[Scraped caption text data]
-*-
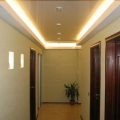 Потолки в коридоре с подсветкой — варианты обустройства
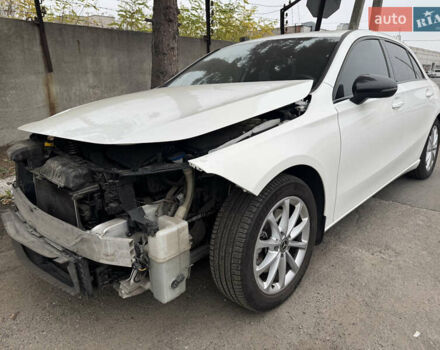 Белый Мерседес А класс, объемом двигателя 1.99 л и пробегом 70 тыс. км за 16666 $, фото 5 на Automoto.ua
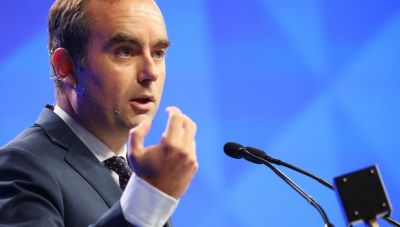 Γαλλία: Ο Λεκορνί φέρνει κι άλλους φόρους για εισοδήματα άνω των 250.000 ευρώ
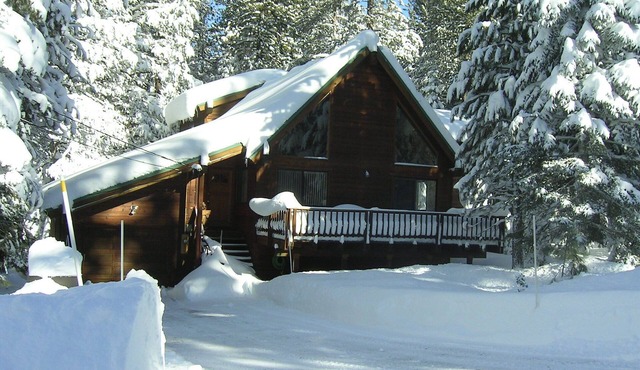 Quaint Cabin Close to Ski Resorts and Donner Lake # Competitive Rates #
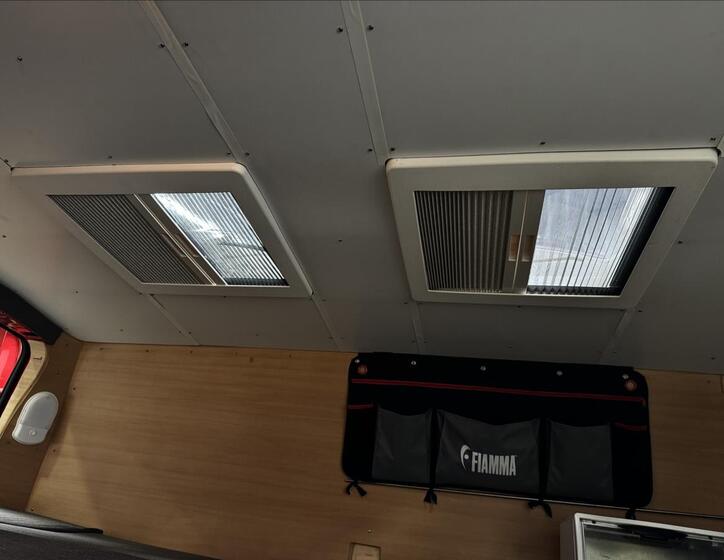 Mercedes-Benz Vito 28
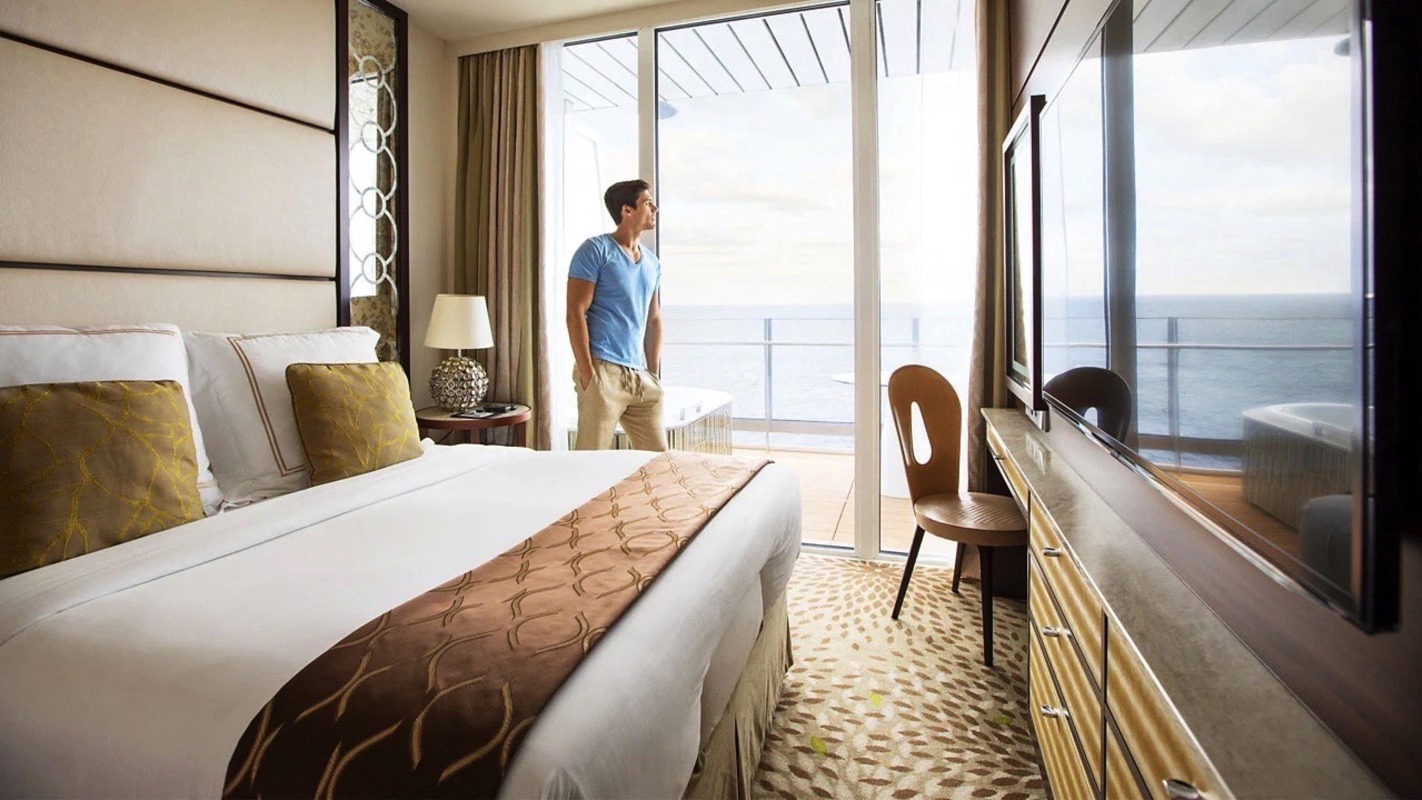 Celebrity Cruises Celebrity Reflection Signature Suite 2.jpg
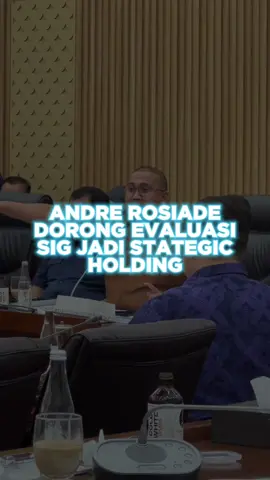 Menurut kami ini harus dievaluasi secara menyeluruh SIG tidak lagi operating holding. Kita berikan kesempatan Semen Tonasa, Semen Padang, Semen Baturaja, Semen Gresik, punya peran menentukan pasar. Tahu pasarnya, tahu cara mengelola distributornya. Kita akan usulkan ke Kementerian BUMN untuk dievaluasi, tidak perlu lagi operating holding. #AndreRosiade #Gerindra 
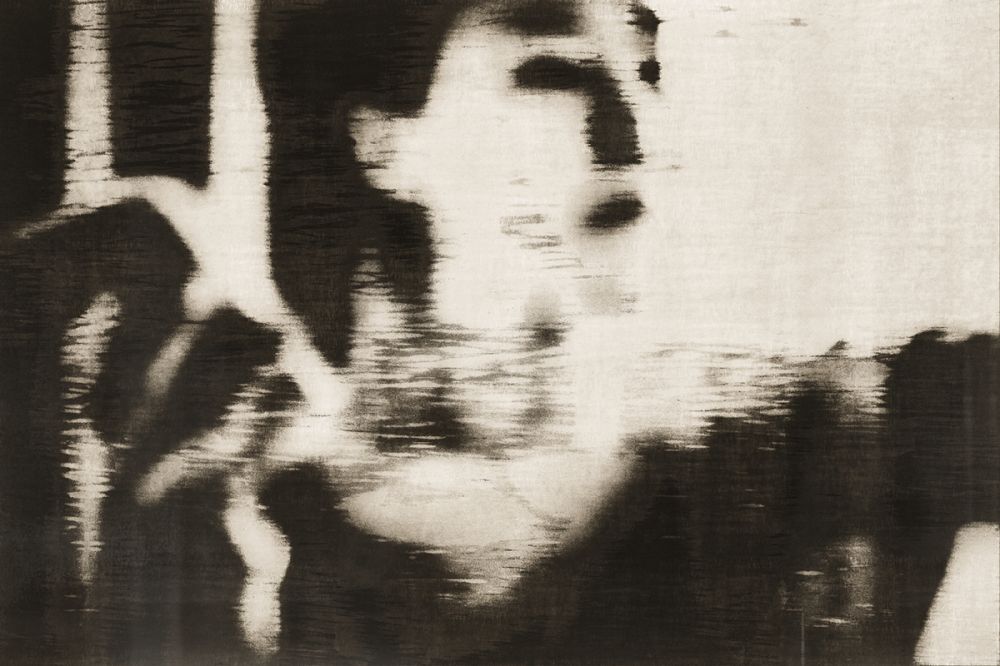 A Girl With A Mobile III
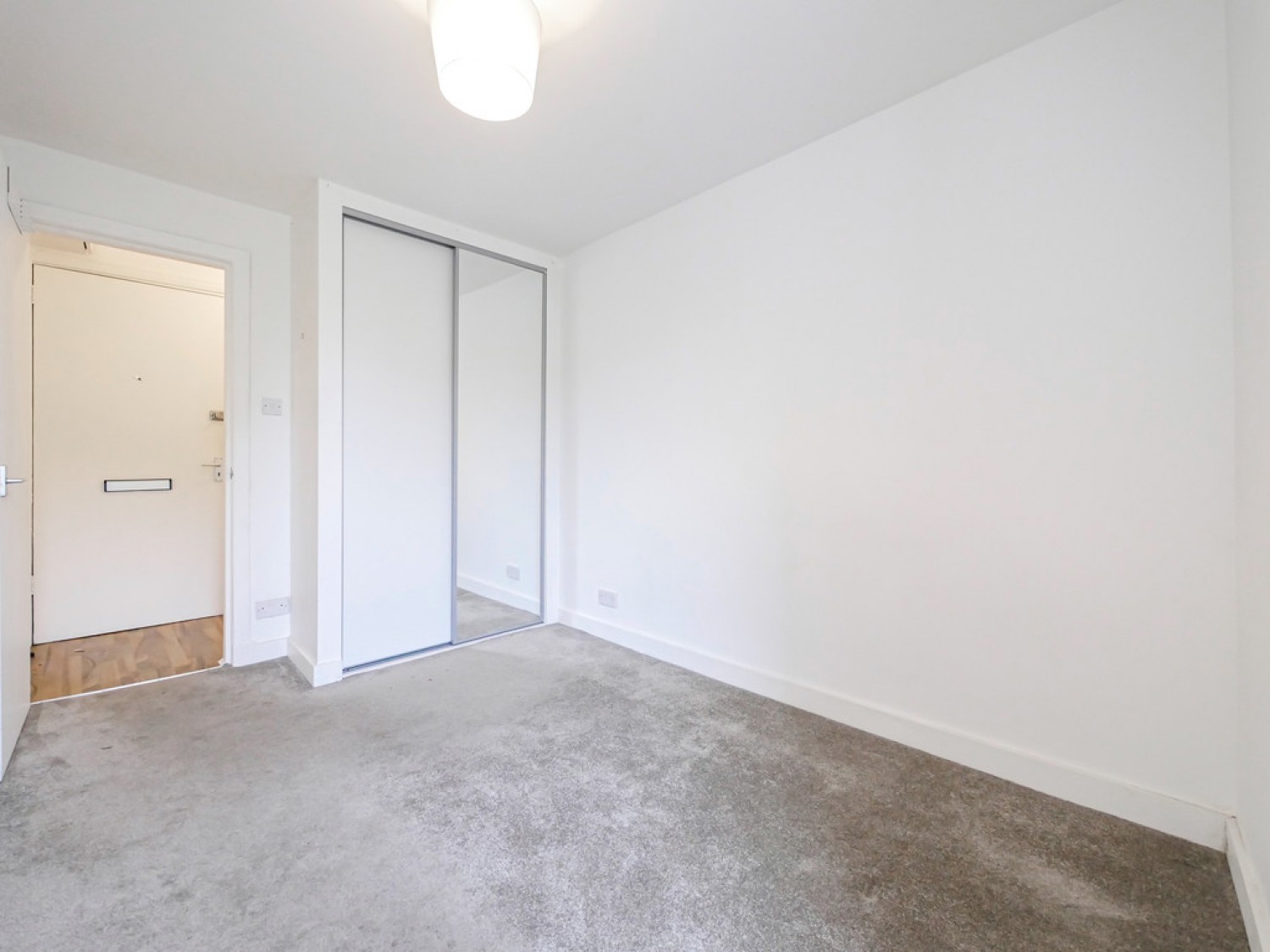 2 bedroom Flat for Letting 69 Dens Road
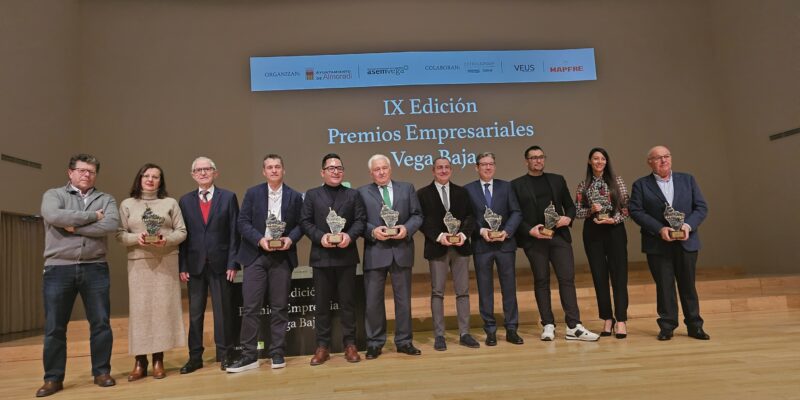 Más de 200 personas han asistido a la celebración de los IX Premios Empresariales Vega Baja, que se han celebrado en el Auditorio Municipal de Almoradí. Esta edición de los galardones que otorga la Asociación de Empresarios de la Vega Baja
-*-
» To do
Transcribe exactly the lines above, beginning at the one with "Mercedes-Benz Vito 28" and going up to and including the one with "Celebrity Cruises Celebrity". Pictures do not belong in the copy.

» Answer section
 Mercedes-Benz Vito 28
 Celebrity Cruises Celebrity Reflection Signature Suite 2.jpg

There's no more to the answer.